Being at day 12 now, halfway through, i want to elaborate on what i experienced. Some problems were rather easy to solve, but some were rather tricky and required changing the methodology for solving. My solutions are on Github, but they are not well documented nor polished.

## day 1 - counting the parentheses

What a nice start into the 24 problems when using a LISP. Outputting the balance of the parenthesis was very easy by using `frequencies`

on the input string and subtracting the frequency of `)`

from `(`

. Unfortunately, for the second part of the problem, that didn’t help, i needed to abort when hitting 0. So i went for a `reduce`

that printed the current index when hitting a negative sum. The first of the outputs was the first balanced parenthesis.

## day 2 - calculating gift wrap paper

Nothing special here - parsing the string input data to list values, then defining the functions that map the dimensions to areas (plus slack) and lengthes. Then reduce the values to their sums. Easy!

## day 3 - visiting houses

This one was also rather straightforward by keeping track of the visited houses with a hash set holding the X-Y-coordinates, and a reducing function that keeps track of the current position. After processing all arrows of the input, the number of entries in the set is the number of visited houses. The hash set ignores the already visited positions, so we do not have to handle that explicitly.

The second part of the puzzle was very elegant, too. Using `take-nth 2`

on the original input twice (with an offset of one) Santa and his robot get their individual routes. Both produce a hash set of visited locations using the function from the first part of the puzzle. Then boths sets get merged using `clojure.set.union`

, and again the count of set members is the number of visited houses.

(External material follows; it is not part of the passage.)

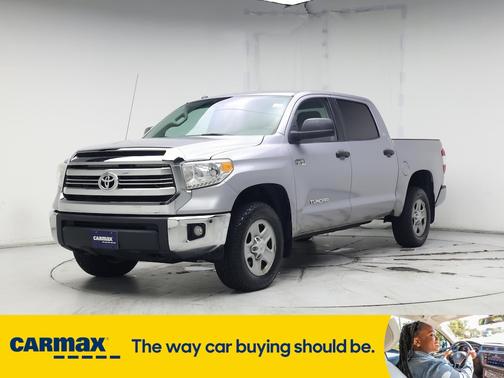 2017 Toyota Tundra SR5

## day 4 - finding hashes starting with zeroes

Using Clojure Java interop (and copy-and-pasting a convenience clojure MD5 wrapper function from StackOverflow) this was also not too hard. Taking the first hash from a infinite lazy sequence of hashes that were filtered for starting zeroes did the trick.

## day 5 - naughty strings and nice strings

This was easily solved by defining the right predicates, combining them with `and`

and filtering the input strings. The three-vowels-rule was checked by using our friend `frequency`

again and adding up the vowel frequencies only, double letters were detected by partitioning the strings in pairs of two characters and checking if at least one of them had two identical ones.

The second part of the puzzle went similar. Finding the non-overlapping bigrams was done by trying to replace each bigram in the input string with an empty string and testing if the length of the resulting string differed by more than 2. If yes, another identical bigram must have been present in the string.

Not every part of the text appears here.